Some days, like today, I completely lose it. I walk out, I try to collect myself. I come back. And finally, I yell.
In my more crazed moments, I think back to Mel's post about being a picky eater. And I try to summon my patience back, try to be more understanding, try to remember that she is ONE, that food is still relatively new to her, that our communication, though improving, is still quite limited, that perhaps she really is just a picky eater, and that all I can do is keep trying.
Cup of Jo posted a review today of the book French Kids Eat Everything. I have never read the book, but I'd like to take issue with the review, and with the fact that the French do everything right (French women also don't get fat, and the "bring up Bebe" better, and who knows all what else).
We do all of the things that Jo says the book suggests. We schedule meals, and eat together (especially at dinner). We offer the kids the things that the adults eat. We don't offer food as a reward/punishment/bribe. We offer vegetables first (though I don't offer "all manner" of vegetables, and my daughter has never once even picked up a piece of carrot salad--one of the options Jo suggests--which I'm sure she would lick and summarily expel from her mouth with her pointy tongue). We don't offer much by way of snacks. We eat as slowly as it takes (last night, it took my son over an hour to eat his dinner).
My daughter is in the lowest quartile of weight for her age group, though in the highest quartile for length. She's a petite little thing. And she is extremely active, even more so than my son ever was. So of course, I worry about making sure that she has enough energy in her to burn. Will she eat something she won't even usually try if she's hungry enough? Perhaps I've never gotten her hungry enough, but so far, the answer is a resounding no. She is a mass of muscle and willpower, which will serve her well in the future, but in the meantime, is testing my resolve.
Children don't come with instruction manuals. They are all different. And when they're pre-verbal, you simply do the best you can to make sure that you are providing them with a good example while making sure that they grow up healthy. I'm invoking the authority of DWYNTD parenting on this one.
I tried these on N. the other night, just to see what would happen. As usual, she refused to touch them (everyone else thought they were just fine), but finally gave in when I put enough ketchup on them, so that she would eat them by mistake while trying to lick the ketchup off of her spoon.
You could even eat them plain.
(And I'd love to hear your thoughts about picky eating, about French child-rearing, or anything else you feel compelled to share.)
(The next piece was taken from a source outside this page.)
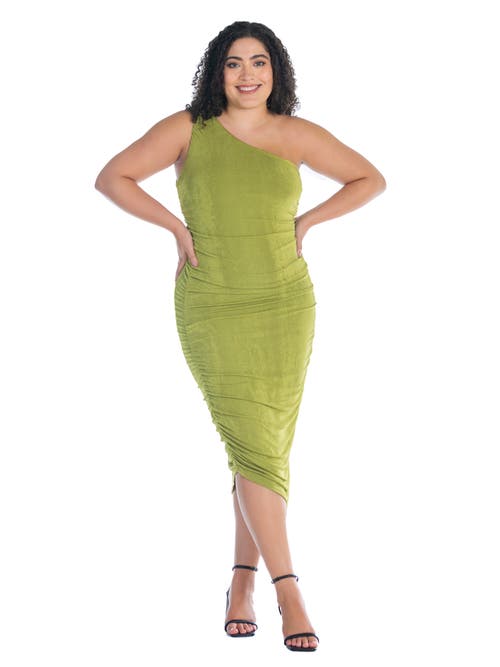 24seven Comfort Apparel One Shoulder Ruched Bodycon Dress In Green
adapted from Asparagus to Zucchini
4 kohlrabi, peeled and grated
1 t. salt
1/4 c. spring onions
2 T. panko
1/4 c. corn kernels or diced red pepper (optional)
In a large bowl, salt the peeled and grated kohlrabi, and let it stand for about 15 minutes. Transfer to a colander and squeeze out as much liquid as you can.
Beat eggs in the bowl, and add the squeezed kohlrabi, along with the remaining ingredients. If the cakes are not looking like they will hold together, add a little flour or more panko.
Heat a griddle or nonstick pan over medium heat, and spray with cooking spray. Cook for 3-4 minutes per side, or until browned. Serve with yogurt, soy sauce and wasabi, or large quantities of ketchup.